Tijdens het uitvoeren van de handelingen werd er nogal eens gelachen, of spottend en vernederend gesproken tegen en over de bewoners, die hiertegen geen enkel weerwoord konden bieden.
De combinatie van de mishandelingen van kwetsbare mensen met deze vernederende houding wekt een sadistische indruk.
Strafmotivering
De gevolgen voor de bewoners zijn groot, zo blijkt onder meer uit de toelichting bij de vorderingen tot schadevergoeding die namens de bewoners zijn ingediend. Er wordt gesproken over trauma’s, schrikachtigheid, agressie en angsten.
Deze strafzaak heeft ook de nodige maatschappelijke ophef veroorzaakt. Door het handelen van verdachten moet het vertrouwen van familieleden en anderen in de zorg voor hun kwetsbare en afhankelijke naasten ernstig zijn aangetast. Maar ook breder in de maatschappij heeft het handelen van verdachten een schok teweeg gebracht: bij zorgverleners, familieleden van een kind met beperkingen en anderen die zich het lot van mensen zoals de bewoners van de zorgboerderij aantrekken.

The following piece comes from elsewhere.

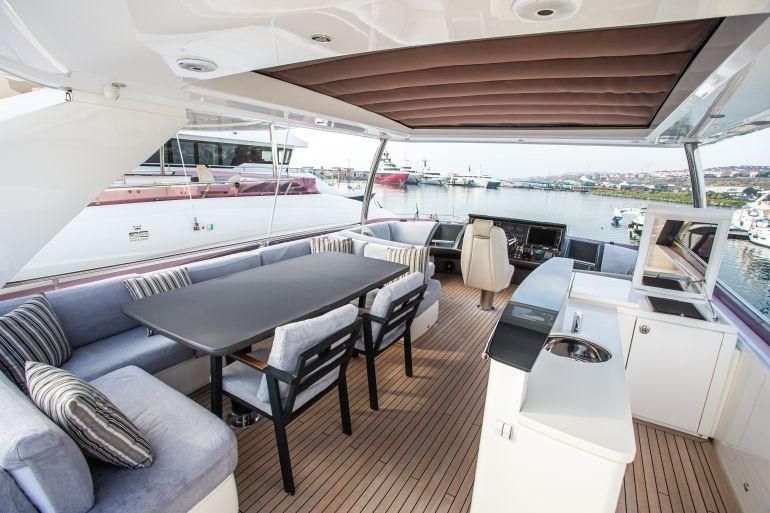 2017 Princess 83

Gedurende het proces hebben verdachten geen enkele vorm van passende reflectie op hun daden getoond. De rechtbank neemt dit verdachten zeer kwalijk.
Strafoplegging
Naar het oordeel van de rechtbank komt voor dergelijke stelselmatige en sadistisch gekleurde mishandelingen alleen een langdurige en onvoorwaardelijke gevangenisstraf in aanmerking. De rechtbank heeft overwogen dat de impact van alle media aandacht strafmatigend zou kunnen werken. De naargeestige aard en grote ernst en omvang van de feiten wegen echter zo zwaar, dat er naar het oordeel van de rechtbank geen ruimte is voor strafmatiging. Alles afwegend legt de rechtbank aan verdachten een onvoorwaardelijke gevangenisstraf op van vijf jaar en vier maanden. Daarnaast wordt aan beide verdachten een beroepsverbod opgelegd. Vanwege de ernst van de feiten zal de rechtbank de duur van deze bijkomende straf bepalen op 10 jaren en vier maanden.